Waltzes From Vienna was a great success and ran for a year. At first he only played the matinees, sharing the role with Robert Halliday, but when it became his entirely the management increased his salary to the dizzy heights of £40 a week “…. and at last I was able to have some of the things which for years I had craved.” He bought some badly needed new clothes and also able to save a good deal of money for the first time in his life. Nevertheless a year is a long time to continue playing the same part and by the end of the run Esmond was ready to move on to pastures new. After a somewhat disastrous special performance in Love for Love with Fran at the Faculty of Arts (in which he found himself singing a different version of a song from his accompanist on the harpsichord!) he found himself involved in another musical play, this time Wild Violets at the Theatre Royal, Drury Lane. After a poor first night and a lukewarm beginning, followed by pay cuts for all the cast, the production gradually picked up and ran for nine months. Esmond was very fond of the show and regarded the musical score by Robert Stolz as one of the finest ever written for a show.
As Eddie Martin in The Bermondsey Kid (1933) u
(click on picture to enlarge)
Picture courtesy of The British Film Institute
As the run of Wild Violets came to an end Esmond was cast by Warner Brothers as a boxer in a film called The Bermondsey Kid. It turned out to be a bruising experience as most of his opponents in the ring were genuine boxers, including the middleweight champion of England, Henry Mason, who knocked him out twice for real as they shot the final fight sequence. Esmond attended the opening night with eyes half closed, swollen lips and a flattened nose. Warner Brothers then put him under contract and their managing director of British projects, Irving Asher, promoted him as a British James Cagney, although ironically his second film for them was as a dashing Italian pilot in The Blue Squadron.

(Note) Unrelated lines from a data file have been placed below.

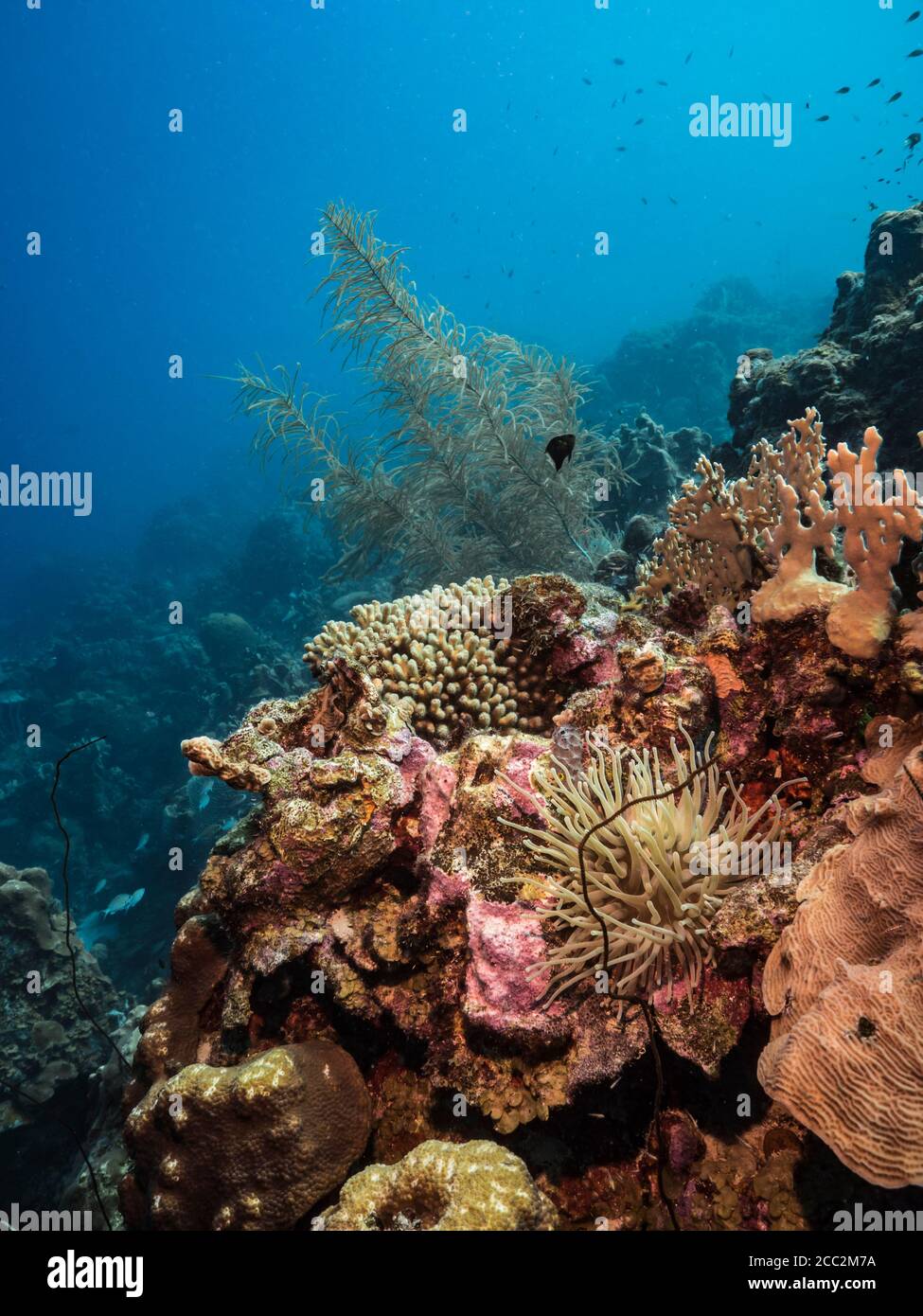 Seascape in türkisfarbenem Wasser von Korallenriff in der Karibik / Curacao mit Sea Anemone Fisch, Korallen und Schwamm Stockfoto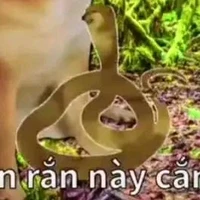 Đa NV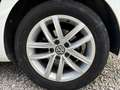 Volkswagen Golf 1.5 TSI Evo BM Last Edition 96kW Blanco - thumbnail 15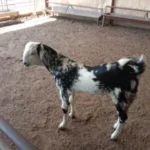 Jaziri goat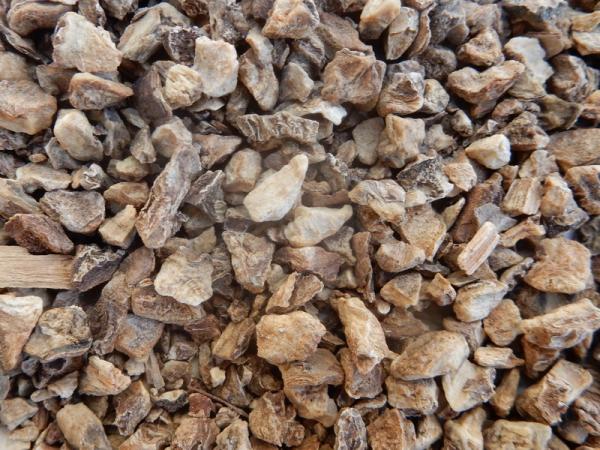 teufelskralle zum räuchern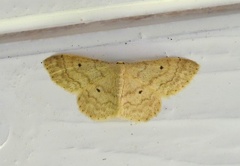 Randengmåler (Idaea biselata)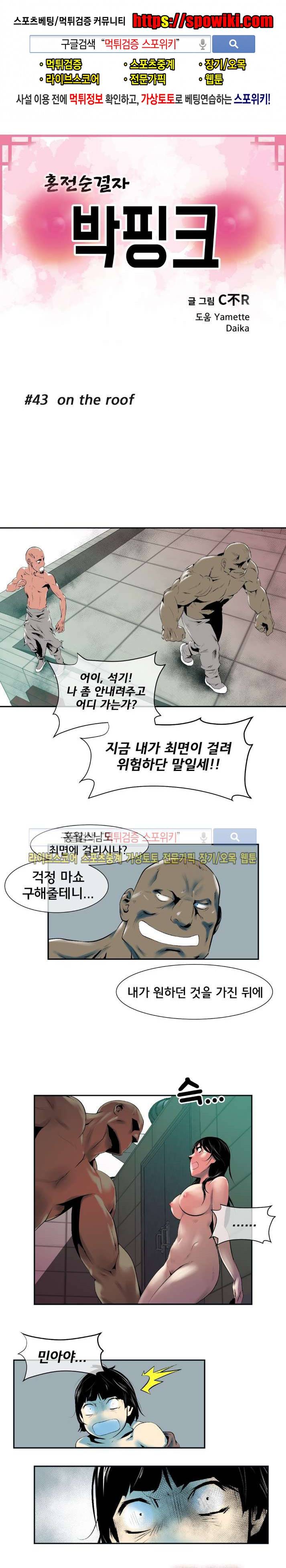 혼전순결자 박핑크 43화 1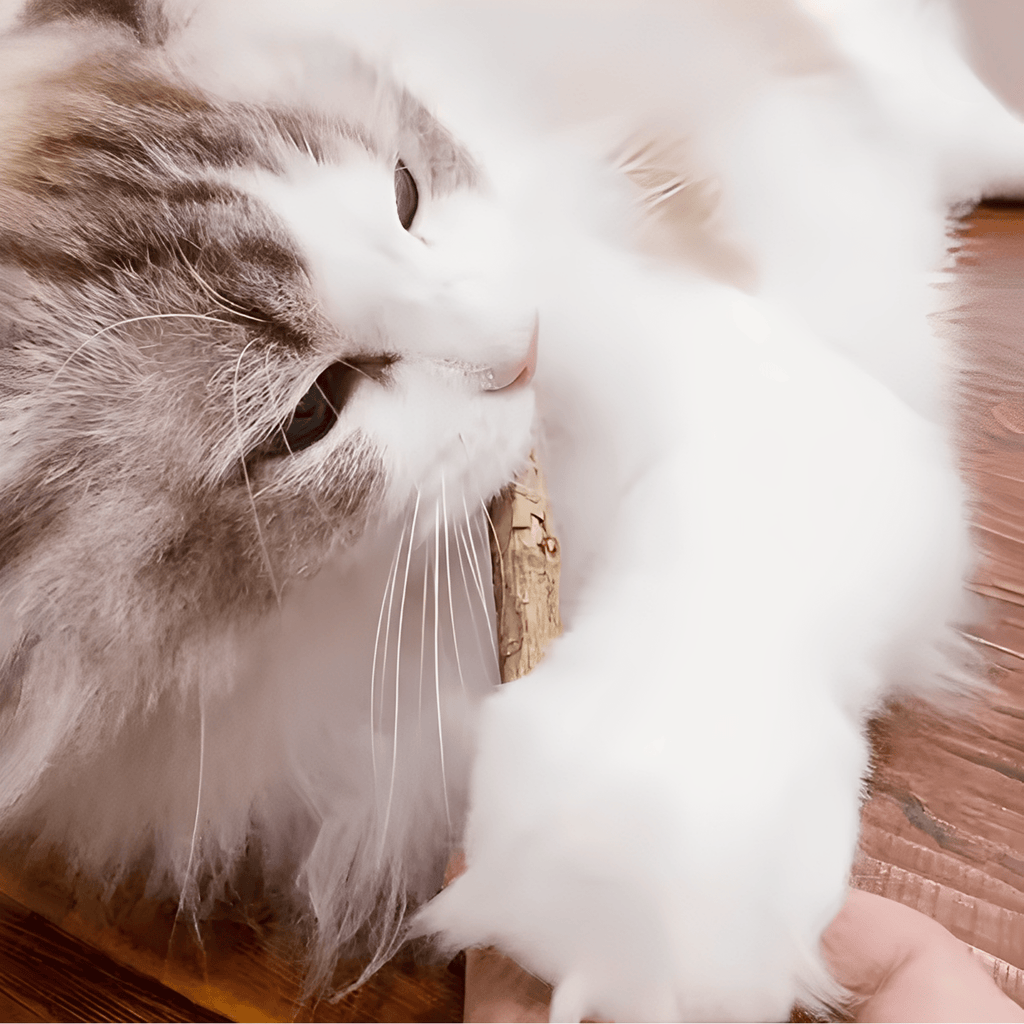 Nibbly - Kauwsticks Katten Kattenkruid Speelgoed - Mivero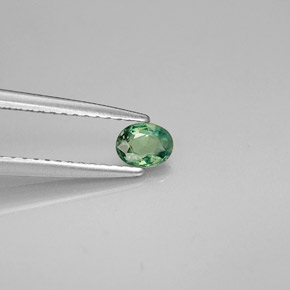 Alessandrite naturale multicolore da 0,26 ct, taglio ovale, VVS-VS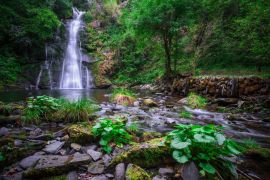 Lais Puzzle - Der Vieiros-Fluss, der Wasserfall, Mexiko - 2.000 Teile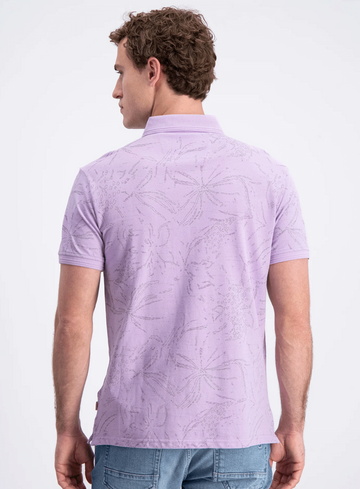 Gabbiano Polo Brenzi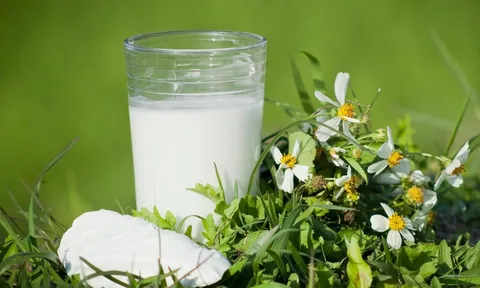 Sắn dây: Ngoài giúp chữa tiểu đường còn là loại cây thuốc Nam với loạt công dụng ít người biết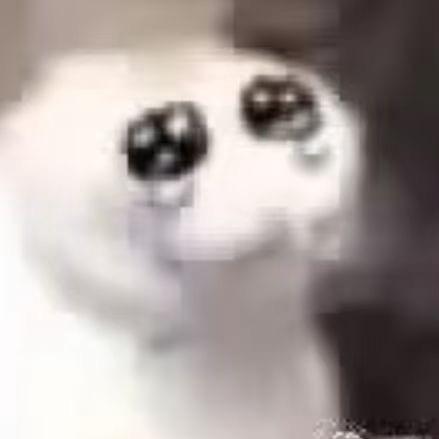 老鸭煲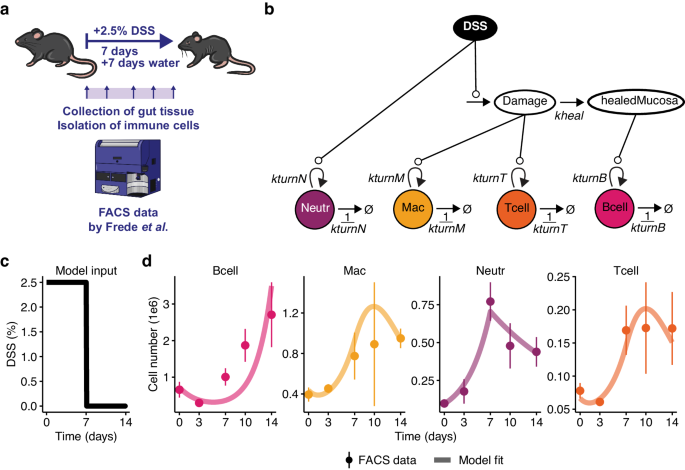 Longitudinal single-cell data informs deterministic modelling of inflammatory bowel disease.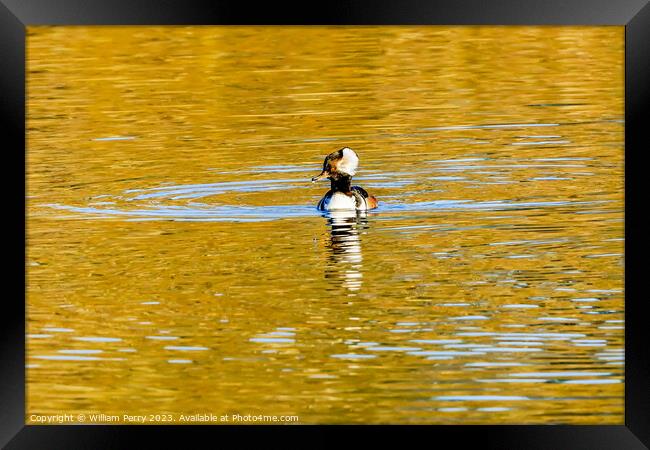 Yellow Reflection Common Merganser Duck Kirkland Washington Framed Print by William Perry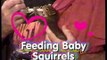 My Backyard Sanctuary - Feeding Baby Squirrels (Too Cute!)
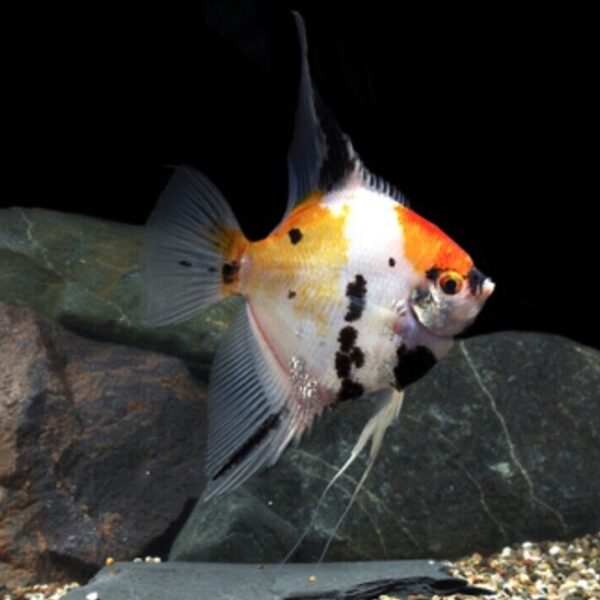 3 Pack Koi Angel Medium Size Body Healthy Live Angel Fish tropical aquarium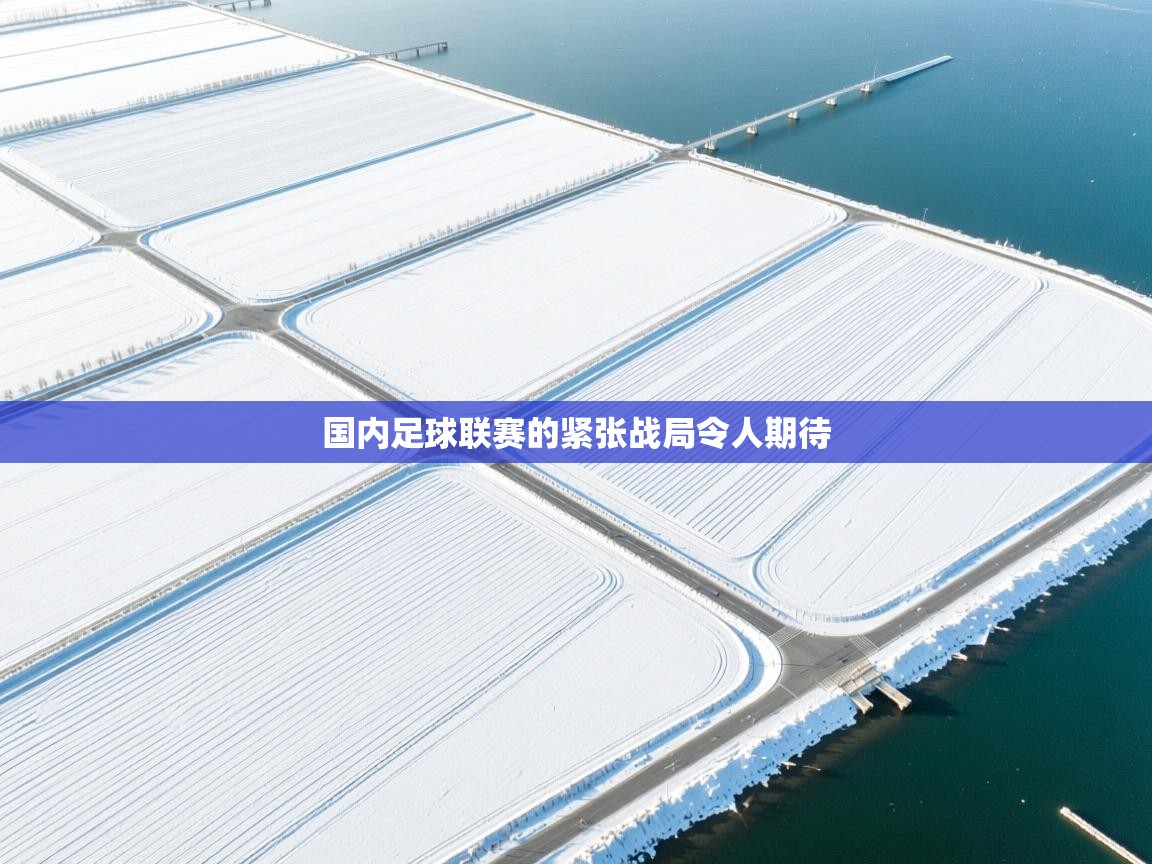 开云体育登录入口-国内足球联赛的紧张战局令人期待  第2张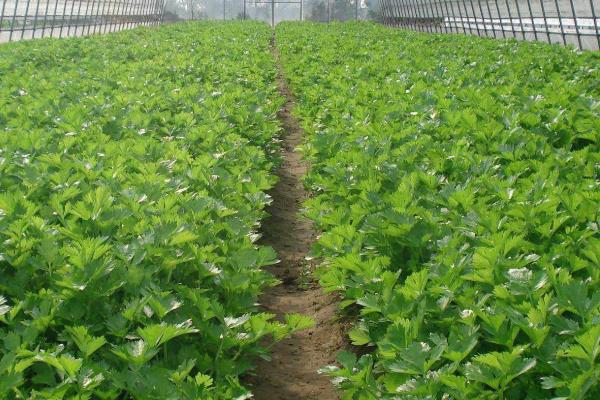 芹菜怎么種植方法,附種植時間
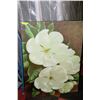 Image 1 : FLOWER PRINT ON CANVAS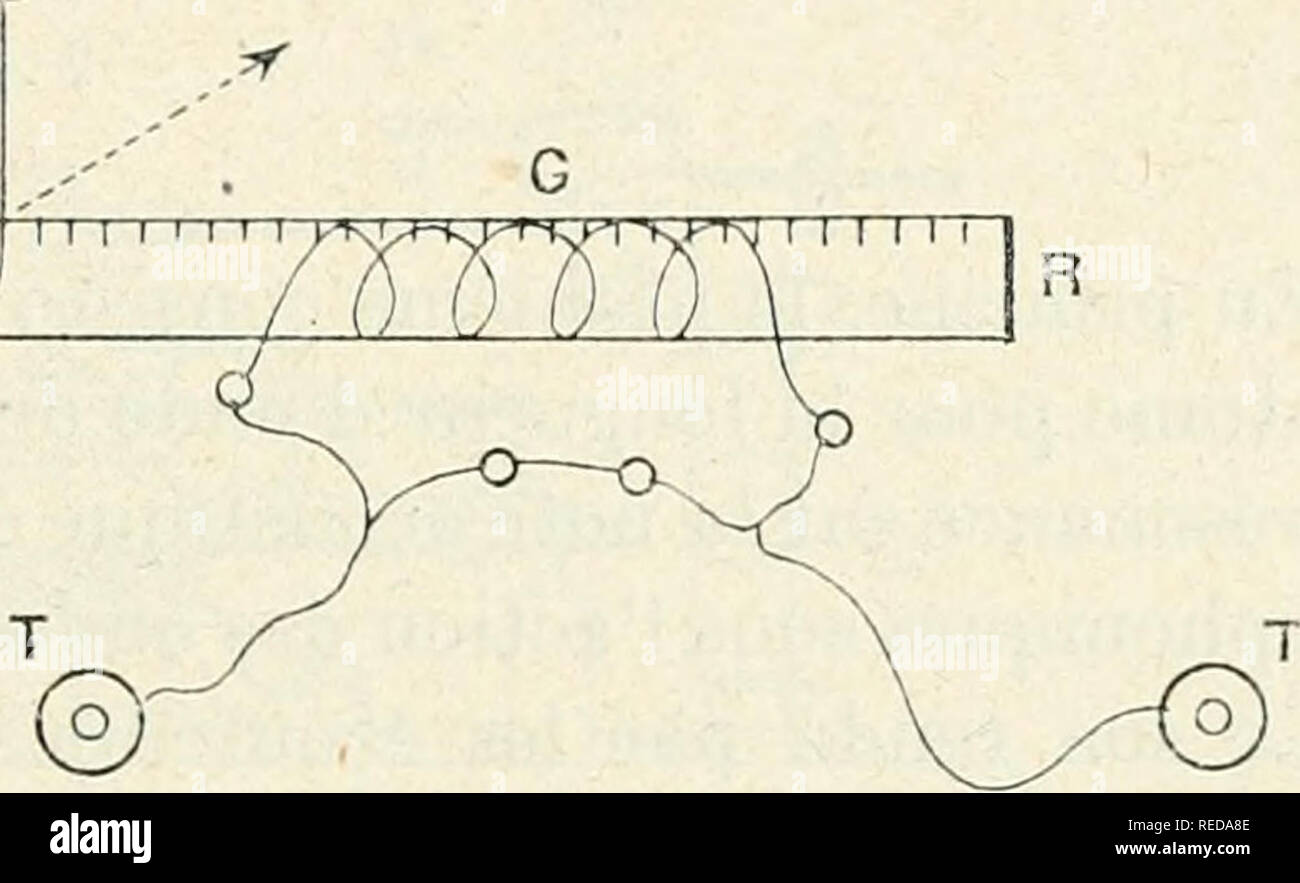 . Compte Rendu. Wissenschaft; Wissenschaft - Kongresse. l'MI. . IfcOOU. SIGNAUX UA1) K) TE r. Kli es AI' HIQUES. 177 Schneckaufkommen expÃ©rimentateurs ont proposÃ© et utilisÃ© Ja mÃ©thode de Shunt qui consiste À-rangierlok les Ã © couteurs tÃ©lÃ©phoniques par une rÃ©Stenz variable. Evidemment plus le Sohn perÃ § u dans les Ã © couteurs est Ã©nergique, plus il faut diminuer la rÃ©Stenz Shunt gießen Dekor Fluss Le Courant variaijle qui provoque par son Passage les Vibrationen de la membrane tÃ©lÃ© pho-nique. De sorte Que, sur une boÃ®te à Pont, un peut lire À chaque mesure la Source Ã©lectrique D Erregung Hertzienne ou Stockfoto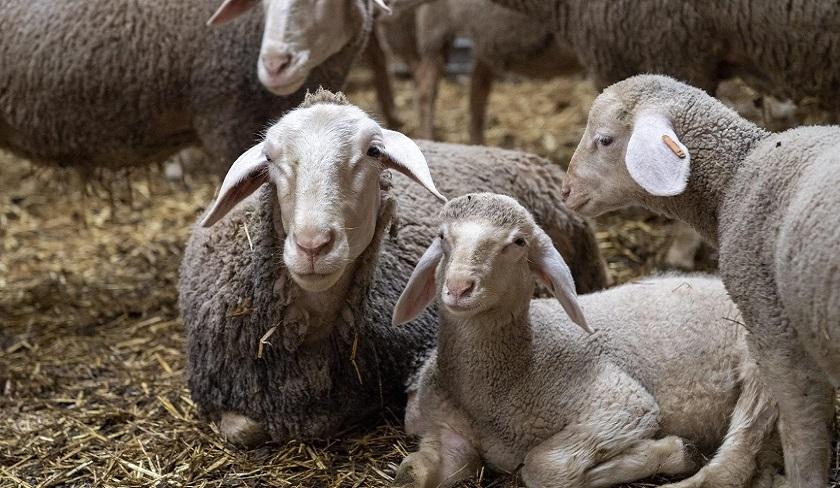 Touiti : des quantités de viande ovine proposées à moins de quarante dinars le kilogramme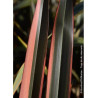 PHORMIUM RAINBOW QUEEN (Lin de Nouvelle-Zélande)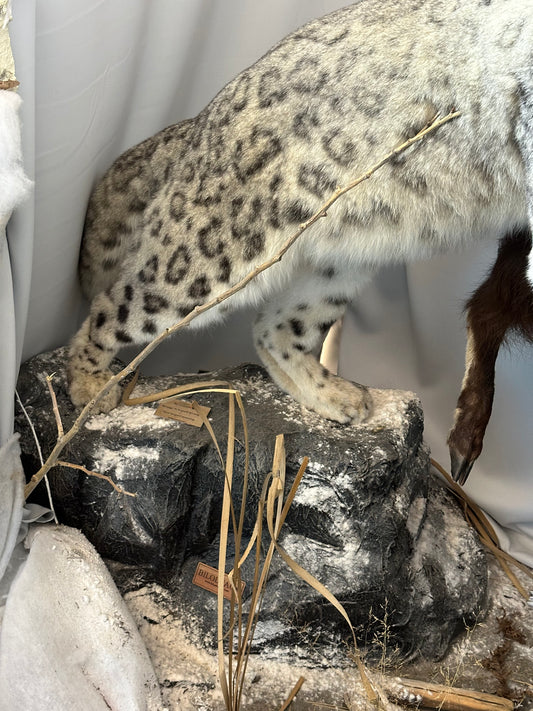 Mounts - Snow Leopard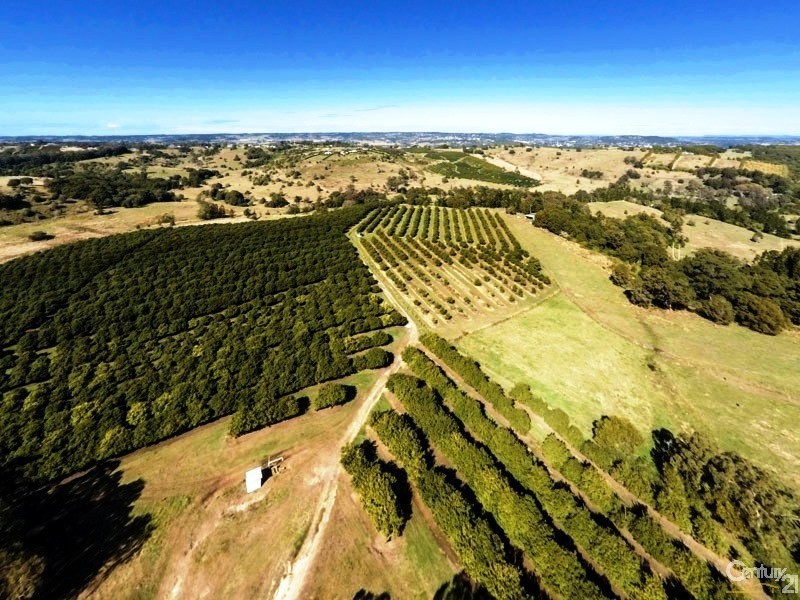 Booerie Creek NSW 2480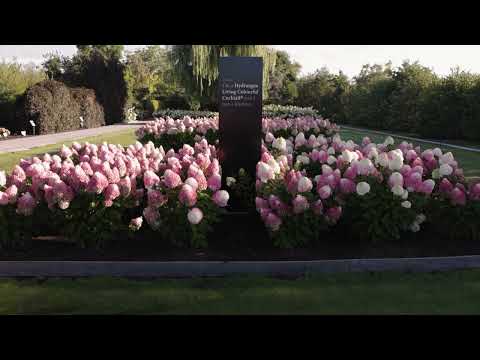 Hortensia paniculata Living Creation Mix/Buc / Hydrangea paniculata Living Creation Mix/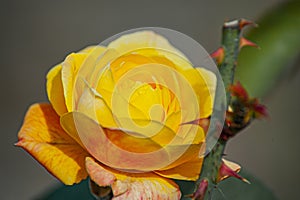 Beautiful gold rose in a garden flower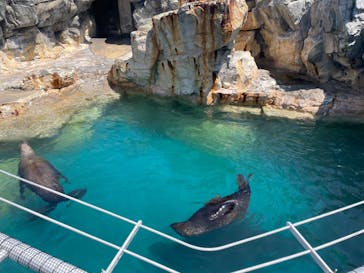 大分マリーンパレス水族館 「うみたまご」に投稿された画像（2022/5/29）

Meanwhile Esmond's Uncle Chas had been approached by Alexander Korda's company, London Film Productions, to provide some hawks for a falconry sequence in their new film, The Private Life of Henry VIII, starring Charles Laughton (as Henry), Merle Oberon, Elsa Manchester and Robert Donat. After initially refusing because he felt it would be impossible to produce the authentic number of hawks with which Henry VIII would have gone hunting, Chas Knight then enlisted his nephew to help train a number of different types of birds (falcons, tiercels and merlins) for the scene, and after much hard work they did so very successfully. They aimed for authenticity as much as possible with the hawks wearing period hoods, jesses, bells and leashes and perched on an authentic frame (a "cadge") on which they would have been carried in Tudor times.
Esmond in traditional falconer's dress, from a painting by Alexander Christie p
(Click on picture to enlarge)
Both Charles and Esmond acted as falconers during the filming, which Alexander Korda directed himself. In the final edited film the falconry sequence was not very prominent, providing merely an element of Tudor colour, and the work of the Knights went uncredited. Nevertheless it gave Esmond an opportunity to indulge in one of his great passions at a professional level, and it was gratifying for him that the film was an enormous success, especially in the USA.